Mr. Huxley, de cuja tendência à reverência supersticiosa ninguém poderia suspeitar, disse o seguinte, a respeito desta versão: “Ela está escrita no mais puro e nobre Inglês e está repleta de belezas que excedem a mera forma literária”. O estilo usado nesta versão é exclusivo. Não foi usado o Inglês daquele tempo, falado ou escrito. De fato, Mr. Marsh em sua obra “Preleções Sobre a Língua Inglesa”, “garante que o dialeto usado não foi o de período algum... Nem mesmo a linguagem coloquial de qualquer povo inglês.”
Realmente, no que se refere ao estilo desta versão, a partir do mais antigo trabalho na versão inglesa, cada tradutor que veio em seguida foi melhorando a linguagem dos seus antecessores, usando, continuamente, o melhor de si, o que resultou na excelência final. A Versão BKJ combina, desse modo, uma variação de beleza e felicidade, com tudo de bom que havia antes.

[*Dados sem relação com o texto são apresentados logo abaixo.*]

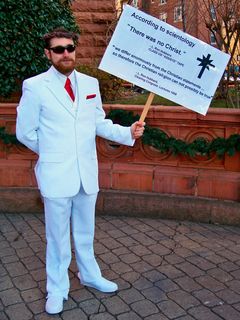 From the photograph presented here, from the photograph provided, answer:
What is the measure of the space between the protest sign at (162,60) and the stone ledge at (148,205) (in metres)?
1.97

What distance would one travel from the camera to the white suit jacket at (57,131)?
3.07 meters

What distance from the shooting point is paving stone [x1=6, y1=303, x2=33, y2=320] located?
328 centimetres

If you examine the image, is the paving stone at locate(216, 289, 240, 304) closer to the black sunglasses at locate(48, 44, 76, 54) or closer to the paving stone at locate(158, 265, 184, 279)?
the paving stone at locate(158, 265, 184, 279)

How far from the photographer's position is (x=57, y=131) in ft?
10.2

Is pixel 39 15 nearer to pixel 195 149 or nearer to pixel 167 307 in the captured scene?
pixel 195 149

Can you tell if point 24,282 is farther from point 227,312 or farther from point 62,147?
point 227,312

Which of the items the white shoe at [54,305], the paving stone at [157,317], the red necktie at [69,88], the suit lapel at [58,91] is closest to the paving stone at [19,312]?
the white shoe at [54,305]

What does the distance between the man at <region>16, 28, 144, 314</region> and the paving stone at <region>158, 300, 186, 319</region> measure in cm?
74

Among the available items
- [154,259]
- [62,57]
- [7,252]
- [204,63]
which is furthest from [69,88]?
[7,252]

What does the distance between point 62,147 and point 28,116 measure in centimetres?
31

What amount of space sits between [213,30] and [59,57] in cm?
578

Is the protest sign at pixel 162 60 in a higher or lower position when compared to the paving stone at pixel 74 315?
higher

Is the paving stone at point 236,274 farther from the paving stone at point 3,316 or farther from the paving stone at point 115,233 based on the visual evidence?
the paving stone at point 3,316

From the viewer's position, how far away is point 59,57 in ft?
10.0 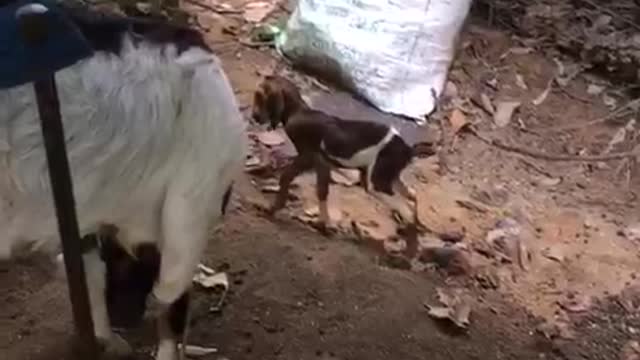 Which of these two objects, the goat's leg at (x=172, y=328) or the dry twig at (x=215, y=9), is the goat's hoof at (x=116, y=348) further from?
the dry twig at (x=215, y=9)

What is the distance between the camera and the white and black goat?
8.37ft

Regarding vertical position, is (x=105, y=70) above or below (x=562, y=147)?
above

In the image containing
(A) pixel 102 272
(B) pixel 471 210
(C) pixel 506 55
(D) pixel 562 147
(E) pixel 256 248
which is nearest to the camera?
(A) pixel 102 272

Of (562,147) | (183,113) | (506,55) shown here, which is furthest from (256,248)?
(506,55)

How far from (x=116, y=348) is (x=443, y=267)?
0.91m

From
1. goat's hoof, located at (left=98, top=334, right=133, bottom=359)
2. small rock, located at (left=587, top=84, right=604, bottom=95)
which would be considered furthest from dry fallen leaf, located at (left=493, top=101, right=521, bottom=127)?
goat's hoof, located at (left=98, top=334, right=133, bottom=359)

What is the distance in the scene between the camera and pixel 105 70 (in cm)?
258

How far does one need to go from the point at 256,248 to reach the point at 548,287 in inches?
29.2

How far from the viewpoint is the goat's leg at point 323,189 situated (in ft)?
11.7

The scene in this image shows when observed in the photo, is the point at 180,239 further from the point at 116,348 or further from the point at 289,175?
the point at 289,175

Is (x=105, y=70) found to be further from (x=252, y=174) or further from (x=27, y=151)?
(x=252, y=174)

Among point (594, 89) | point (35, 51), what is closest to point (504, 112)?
point (594, 89)

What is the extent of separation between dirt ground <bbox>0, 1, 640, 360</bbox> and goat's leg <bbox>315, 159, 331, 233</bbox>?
48mm

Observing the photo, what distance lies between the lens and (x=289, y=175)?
11.9 feet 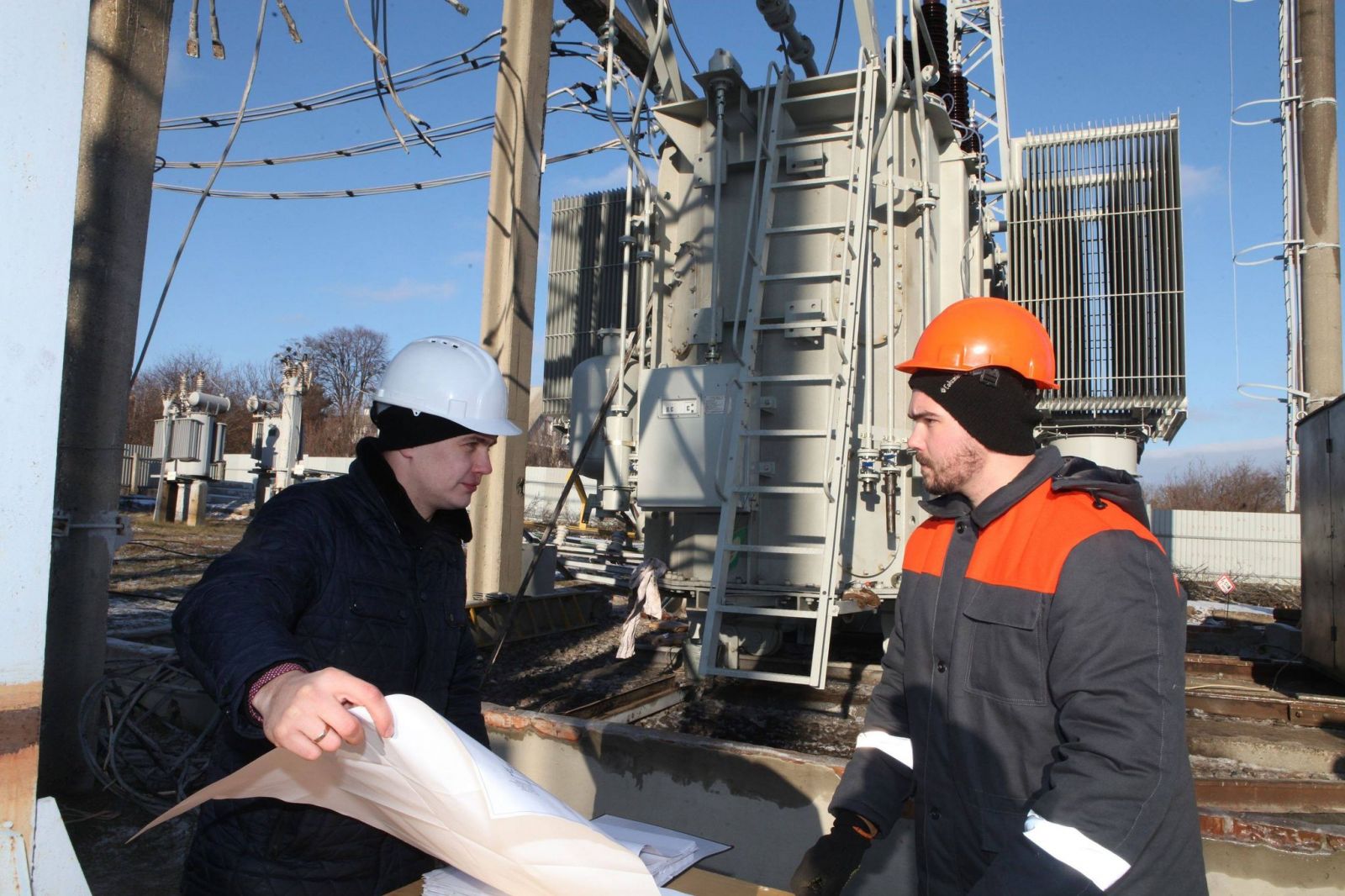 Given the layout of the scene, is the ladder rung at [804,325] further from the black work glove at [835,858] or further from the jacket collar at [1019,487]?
the black work glove at [835,858]

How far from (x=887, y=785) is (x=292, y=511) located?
1.53 meters

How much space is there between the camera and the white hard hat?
219 centimetres

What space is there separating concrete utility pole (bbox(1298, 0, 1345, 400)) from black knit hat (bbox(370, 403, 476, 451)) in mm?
13281

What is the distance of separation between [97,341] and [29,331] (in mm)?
3753

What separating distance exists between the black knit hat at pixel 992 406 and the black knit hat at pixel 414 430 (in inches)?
43.5

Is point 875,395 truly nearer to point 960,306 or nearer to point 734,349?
point 734,349

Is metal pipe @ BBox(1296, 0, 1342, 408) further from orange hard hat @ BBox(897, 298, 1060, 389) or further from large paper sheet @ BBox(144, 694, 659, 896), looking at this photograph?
large paper sheet @ BBox(144, 694, 659, 896)

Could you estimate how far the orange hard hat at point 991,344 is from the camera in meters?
2.08

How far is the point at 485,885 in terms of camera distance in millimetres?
1629

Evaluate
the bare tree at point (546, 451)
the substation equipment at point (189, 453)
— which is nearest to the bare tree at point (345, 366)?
the bare tree at point (546, 451)

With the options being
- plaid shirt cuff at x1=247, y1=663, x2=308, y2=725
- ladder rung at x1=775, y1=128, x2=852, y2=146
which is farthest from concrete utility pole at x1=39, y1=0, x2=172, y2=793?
ladder rung at x1=775, y1=128, x2=852, y2=146

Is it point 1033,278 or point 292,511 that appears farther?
point 1033,278

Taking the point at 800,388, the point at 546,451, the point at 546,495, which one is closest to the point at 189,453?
the point at 546,495

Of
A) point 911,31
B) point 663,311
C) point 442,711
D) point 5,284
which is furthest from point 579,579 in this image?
point 5,284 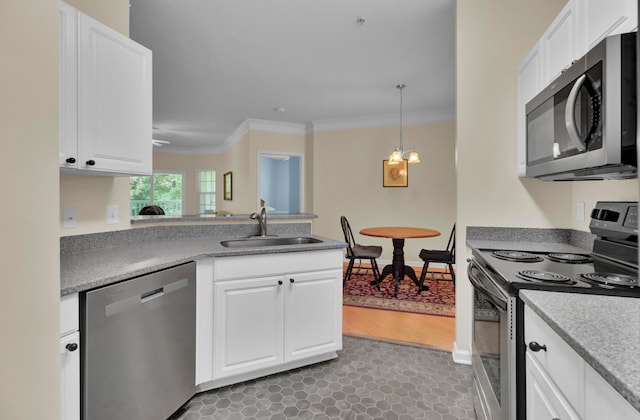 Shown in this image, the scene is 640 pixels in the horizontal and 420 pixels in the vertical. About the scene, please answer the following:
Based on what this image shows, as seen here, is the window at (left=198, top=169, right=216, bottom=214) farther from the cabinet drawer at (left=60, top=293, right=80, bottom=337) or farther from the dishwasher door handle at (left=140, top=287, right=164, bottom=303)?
the cabinet drawer at (left=60, top=293, right=80, bottom=337)

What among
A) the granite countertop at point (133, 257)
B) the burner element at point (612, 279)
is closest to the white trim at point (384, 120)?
the granite countertop at point (133, 257)

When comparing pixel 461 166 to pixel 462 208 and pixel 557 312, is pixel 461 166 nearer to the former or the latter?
pixel 462 208

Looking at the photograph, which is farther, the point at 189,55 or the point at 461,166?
the point at 189,55

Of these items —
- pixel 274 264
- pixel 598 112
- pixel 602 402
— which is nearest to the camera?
pixel 602 402

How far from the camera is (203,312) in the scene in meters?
1.83

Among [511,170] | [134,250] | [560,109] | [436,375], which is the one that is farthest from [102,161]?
[511,170]

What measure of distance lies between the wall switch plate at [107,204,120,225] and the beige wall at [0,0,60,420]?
1.21m

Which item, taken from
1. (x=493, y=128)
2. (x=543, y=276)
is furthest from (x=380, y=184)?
(x=543, y=276)

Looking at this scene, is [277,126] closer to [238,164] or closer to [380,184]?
[238,164]

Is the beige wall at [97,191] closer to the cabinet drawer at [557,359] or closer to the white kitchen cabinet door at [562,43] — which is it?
the cabinet drawer at [557,359]

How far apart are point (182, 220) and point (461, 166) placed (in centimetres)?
208

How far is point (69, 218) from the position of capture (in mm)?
1752

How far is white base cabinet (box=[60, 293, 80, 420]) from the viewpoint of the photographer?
111cm

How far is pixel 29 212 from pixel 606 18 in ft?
6.61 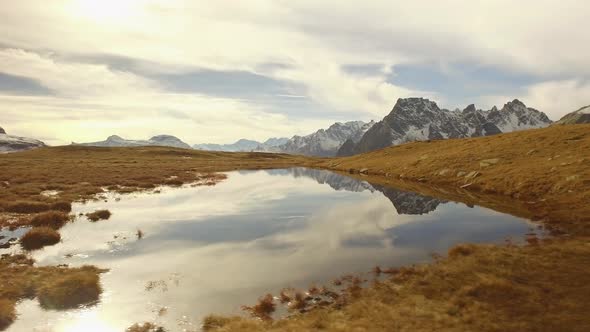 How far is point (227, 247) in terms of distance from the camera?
28984 millimetres

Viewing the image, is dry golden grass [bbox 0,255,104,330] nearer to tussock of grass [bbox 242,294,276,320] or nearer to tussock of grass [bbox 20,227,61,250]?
tussock of grass [bbox 20,227,61,250]

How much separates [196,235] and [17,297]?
15.7 metres

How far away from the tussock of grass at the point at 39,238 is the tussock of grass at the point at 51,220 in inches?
194

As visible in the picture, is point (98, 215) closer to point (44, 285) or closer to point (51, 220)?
point (51, 220)

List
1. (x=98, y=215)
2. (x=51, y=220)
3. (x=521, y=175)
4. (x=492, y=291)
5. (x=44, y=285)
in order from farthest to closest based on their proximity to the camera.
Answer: (x=521, y=175)
(x=98, y=215)
(x=51, y=220)
(x=44, y=285)
(x=492, y=291)

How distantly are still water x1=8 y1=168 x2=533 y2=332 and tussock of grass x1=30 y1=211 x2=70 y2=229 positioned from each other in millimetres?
1280

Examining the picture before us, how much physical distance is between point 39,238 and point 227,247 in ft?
47.6

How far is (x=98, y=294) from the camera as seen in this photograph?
1930cm

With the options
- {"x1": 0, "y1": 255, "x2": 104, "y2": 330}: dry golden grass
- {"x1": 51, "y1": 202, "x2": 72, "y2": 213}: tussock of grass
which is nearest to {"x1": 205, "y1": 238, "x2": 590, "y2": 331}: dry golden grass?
{"x1": 0, "y1": 255, "x2": 104, "y2": 330}: dry golden grass

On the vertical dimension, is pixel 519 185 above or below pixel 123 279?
above

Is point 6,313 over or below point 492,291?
below

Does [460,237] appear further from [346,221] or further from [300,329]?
[300,329]

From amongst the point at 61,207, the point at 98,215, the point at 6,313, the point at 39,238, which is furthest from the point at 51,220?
the point at 6,313

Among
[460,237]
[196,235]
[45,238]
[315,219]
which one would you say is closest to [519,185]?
[460,237] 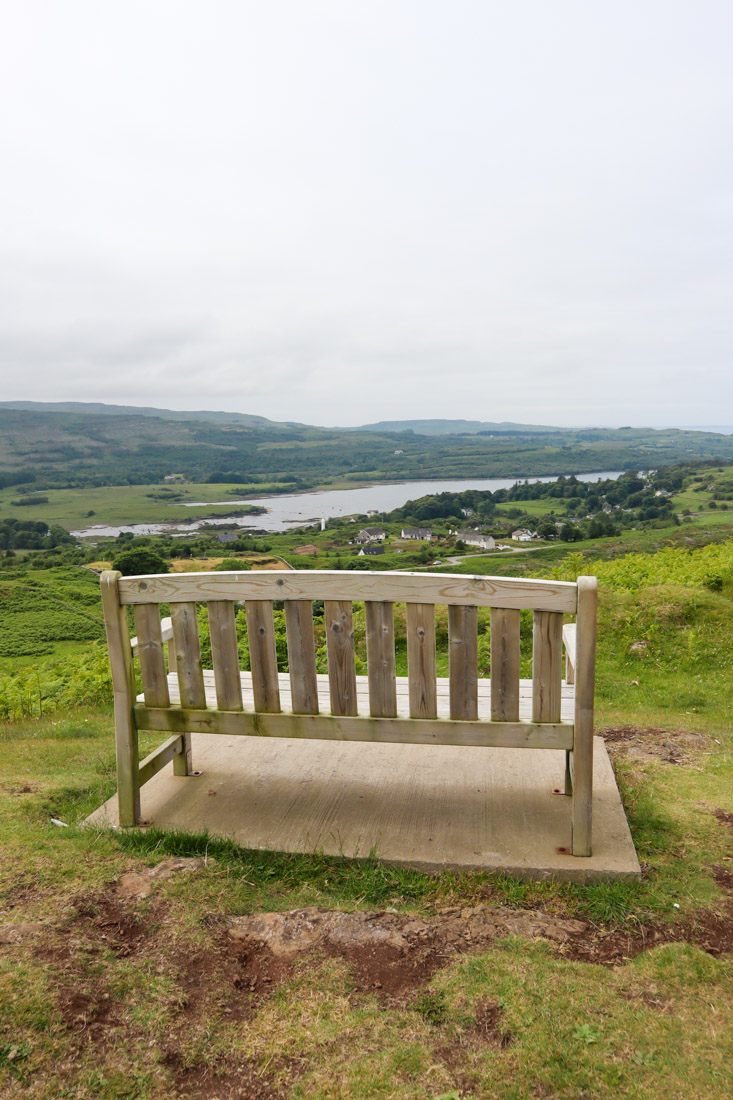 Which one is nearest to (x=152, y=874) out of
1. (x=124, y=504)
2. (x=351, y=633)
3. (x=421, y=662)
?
(x=351, y=633)

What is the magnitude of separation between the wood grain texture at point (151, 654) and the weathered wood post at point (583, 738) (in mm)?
2080

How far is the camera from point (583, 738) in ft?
10.1

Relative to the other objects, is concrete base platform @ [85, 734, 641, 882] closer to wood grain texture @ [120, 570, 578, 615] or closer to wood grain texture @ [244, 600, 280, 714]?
wood grain texture @ [244, 600, 280, 714]

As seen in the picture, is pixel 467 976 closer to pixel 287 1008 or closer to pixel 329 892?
pixel 287 1008

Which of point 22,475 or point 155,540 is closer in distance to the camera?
point 155,540

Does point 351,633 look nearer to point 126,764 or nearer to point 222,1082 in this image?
point 126,764

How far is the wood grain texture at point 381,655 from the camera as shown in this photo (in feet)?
10.3

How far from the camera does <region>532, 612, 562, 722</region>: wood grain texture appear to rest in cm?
305

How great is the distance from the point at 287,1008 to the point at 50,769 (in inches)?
121

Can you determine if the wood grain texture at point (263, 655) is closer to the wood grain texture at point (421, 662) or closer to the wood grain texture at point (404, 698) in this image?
the wood grain texture at point (404, 698)

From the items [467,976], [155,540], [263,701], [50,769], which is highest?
[263,701]

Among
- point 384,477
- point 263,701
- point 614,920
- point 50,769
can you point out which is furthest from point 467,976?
point 384,477

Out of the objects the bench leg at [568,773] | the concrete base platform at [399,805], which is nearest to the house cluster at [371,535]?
the concrete base platform at [399,805]

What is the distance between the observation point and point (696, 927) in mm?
2717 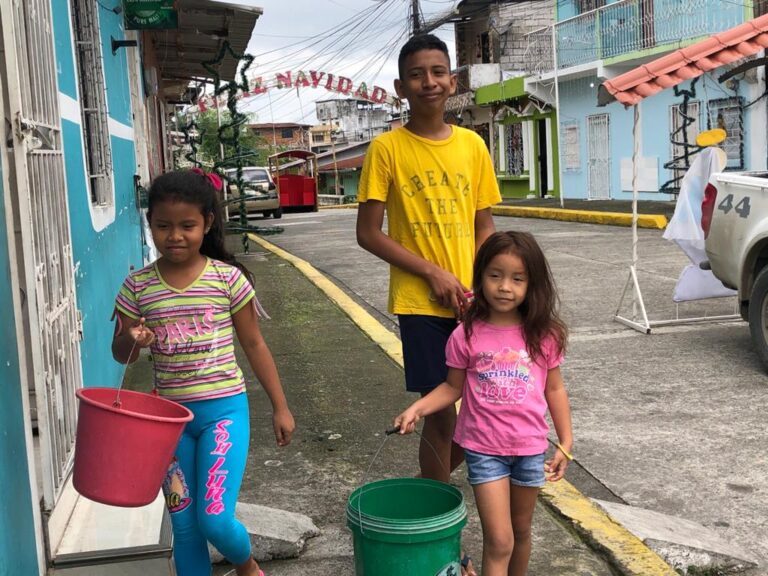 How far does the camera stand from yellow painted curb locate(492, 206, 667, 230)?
53.3 ft

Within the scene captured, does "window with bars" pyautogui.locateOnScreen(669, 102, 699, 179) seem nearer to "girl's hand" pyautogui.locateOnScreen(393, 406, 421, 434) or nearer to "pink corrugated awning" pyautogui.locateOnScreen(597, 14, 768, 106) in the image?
"pink corrugated awning" pyautogui.locateOnScreen(597, 14, 768, 106)

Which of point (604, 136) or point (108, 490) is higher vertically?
point (604, 136)

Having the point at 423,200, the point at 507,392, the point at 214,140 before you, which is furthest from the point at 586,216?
the point at 214,140

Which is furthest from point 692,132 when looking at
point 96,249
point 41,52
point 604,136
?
point 41,52

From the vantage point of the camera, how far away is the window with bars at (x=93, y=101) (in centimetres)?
625

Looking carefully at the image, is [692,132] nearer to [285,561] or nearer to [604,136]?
[604,136]

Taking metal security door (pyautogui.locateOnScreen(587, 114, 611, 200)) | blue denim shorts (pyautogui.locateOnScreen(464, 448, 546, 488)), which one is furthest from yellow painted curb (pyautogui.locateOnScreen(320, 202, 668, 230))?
blue denim shorts (pyautogui.locateOnScreen(464, 448, 546, 488))

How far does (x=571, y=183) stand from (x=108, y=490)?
24.9m

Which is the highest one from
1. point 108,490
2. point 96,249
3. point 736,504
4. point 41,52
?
point 41,52

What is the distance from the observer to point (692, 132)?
2030 centimetres

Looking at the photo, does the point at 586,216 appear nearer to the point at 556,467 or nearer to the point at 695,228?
the point at 695,228

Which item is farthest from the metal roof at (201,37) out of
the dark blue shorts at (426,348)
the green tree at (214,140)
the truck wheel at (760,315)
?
the dark blue shorts at (426,348)

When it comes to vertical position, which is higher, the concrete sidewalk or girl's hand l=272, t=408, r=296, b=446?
girl's hand l=272, t=408, r=296, b=446

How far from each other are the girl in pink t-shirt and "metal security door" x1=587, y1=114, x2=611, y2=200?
72.2 feet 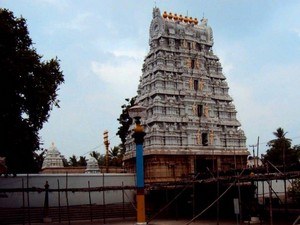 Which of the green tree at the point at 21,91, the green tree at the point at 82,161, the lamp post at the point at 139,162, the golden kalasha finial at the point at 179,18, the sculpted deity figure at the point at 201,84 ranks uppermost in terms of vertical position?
the golden kalasha finial at the point at 179,18

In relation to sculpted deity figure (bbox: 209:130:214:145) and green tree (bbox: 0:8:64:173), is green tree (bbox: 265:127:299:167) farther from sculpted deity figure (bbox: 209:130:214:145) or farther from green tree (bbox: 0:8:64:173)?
green tree (bbox: 0:8:64:173)

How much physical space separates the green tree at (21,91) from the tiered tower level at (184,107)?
1308 centimetres

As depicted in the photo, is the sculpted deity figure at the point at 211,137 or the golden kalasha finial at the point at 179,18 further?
the golden kalasha finial at the point at 179,18

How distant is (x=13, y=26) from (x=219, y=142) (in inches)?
844

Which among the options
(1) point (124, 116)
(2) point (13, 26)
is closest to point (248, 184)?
(2) point (13, 26)

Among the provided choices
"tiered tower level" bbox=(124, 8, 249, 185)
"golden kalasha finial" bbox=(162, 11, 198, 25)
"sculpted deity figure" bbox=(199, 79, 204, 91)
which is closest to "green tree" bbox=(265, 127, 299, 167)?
"tiered tower level" bbox=(124, 8, 249, 185)

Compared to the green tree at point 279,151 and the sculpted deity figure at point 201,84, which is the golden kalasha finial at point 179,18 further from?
the green tree at point 279,151

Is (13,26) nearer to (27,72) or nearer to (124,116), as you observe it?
(27,72)

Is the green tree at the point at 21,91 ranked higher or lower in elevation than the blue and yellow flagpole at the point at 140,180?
higher

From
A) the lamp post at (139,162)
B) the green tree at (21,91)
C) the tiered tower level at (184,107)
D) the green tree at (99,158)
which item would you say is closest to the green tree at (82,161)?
the green tree at (99,158)

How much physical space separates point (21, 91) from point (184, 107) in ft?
58.9

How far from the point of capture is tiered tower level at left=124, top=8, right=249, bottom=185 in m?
34.9

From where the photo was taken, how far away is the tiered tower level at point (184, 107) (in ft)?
115

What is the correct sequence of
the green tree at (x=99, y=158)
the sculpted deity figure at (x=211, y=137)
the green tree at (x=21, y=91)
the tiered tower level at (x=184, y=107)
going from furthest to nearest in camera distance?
the green tree at (x=99, y=158), the sculpted deity figure at (x=211, y=137), the tiered tower level at (x=184, y=107), the green tree at (x=21, y=91) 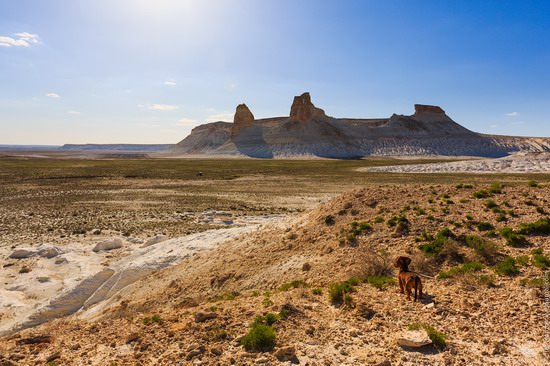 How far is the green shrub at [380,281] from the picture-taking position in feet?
29.9

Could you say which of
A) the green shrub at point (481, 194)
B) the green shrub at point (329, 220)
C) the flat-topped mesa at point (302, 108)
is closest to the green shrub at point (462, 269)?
the green shrub at point (329, 220)

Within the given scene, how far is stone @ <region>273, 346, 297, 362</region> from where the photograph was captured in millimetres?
6273

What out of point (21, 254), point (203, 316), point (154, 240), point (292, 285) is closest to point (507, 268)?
point (292, 285)

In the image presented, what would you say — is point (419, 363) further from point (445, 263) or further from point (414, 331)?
point (445, 263)

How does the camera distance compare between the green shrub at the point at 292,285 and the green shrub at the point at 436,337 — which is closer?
the green shrub at the point at 436,337

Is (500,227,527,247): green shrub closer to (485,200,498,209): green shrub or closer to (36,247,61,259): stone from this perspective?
(485,200,498,209): green shrub

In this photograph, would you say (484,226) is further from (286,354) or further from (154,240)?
(154,240)

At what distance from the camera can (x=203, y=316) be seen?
7902 millimetres

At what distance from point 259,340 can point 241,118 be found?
181 meters

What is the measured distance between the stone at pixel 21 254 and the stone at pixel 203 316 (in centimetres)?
1445

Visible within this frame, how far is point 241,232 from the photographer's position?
18891 millimetres

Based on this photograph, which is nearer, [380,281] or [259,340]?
[259,340]

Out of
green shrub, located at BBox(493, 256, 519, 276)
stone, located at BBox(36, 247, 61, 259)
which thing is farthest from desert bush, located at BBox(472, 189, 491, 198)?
stone, located at BBox(36, 247, 61, 259)

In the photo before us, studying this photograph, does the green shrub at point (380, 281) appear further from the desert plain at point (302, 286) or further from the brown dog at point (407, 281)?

Como testemunho final à excelência da Versão BKJ, vamos citar o Dr. F. W. Faber, o qual diz: “Quem diria que a beleza inigualável e o maravilhoso Inglês da Bíblia protestante tornar-se-ia um dos maiores baluartes contra a heresia, neste país? Ela faz morada no ouvido, como uma peça musical que jamais pode ser esquecida, como os sinos de nossas igrejas, que os convertidos nem mesmo sabem como funcionam. Suas nuances de beleza parecem, muitas vezes, se materializar, em lugar de serem simples palavras. Ela faz parte da mente nacional, sendo a âncora da seriedade nacional. Não é adorada com uma idolatria positiva em extenuação, de fanatismo grotesco, mas sua beleza se expõe, voluntariamente, ao homem de letras e ao erudito... As portentosas tradições da infância são estereotipadas em seus versos. A vida e todas as dores e provações de um homem estão interligados em suas palavras. [Esta Bíblia protestante] representa os melhores momentos de tudo que existe de suave, gentil e puro, falando ao leitor, sempre para o seu bem. Ela é uma coisa sagrada, a qual jamais foi minimizada pela dúvida ou desperdiçada pela controvérsia”.
Pesquisa: English Version - King James History
Traduzida e adaptada por Mary Schulze, em 25/06/2009.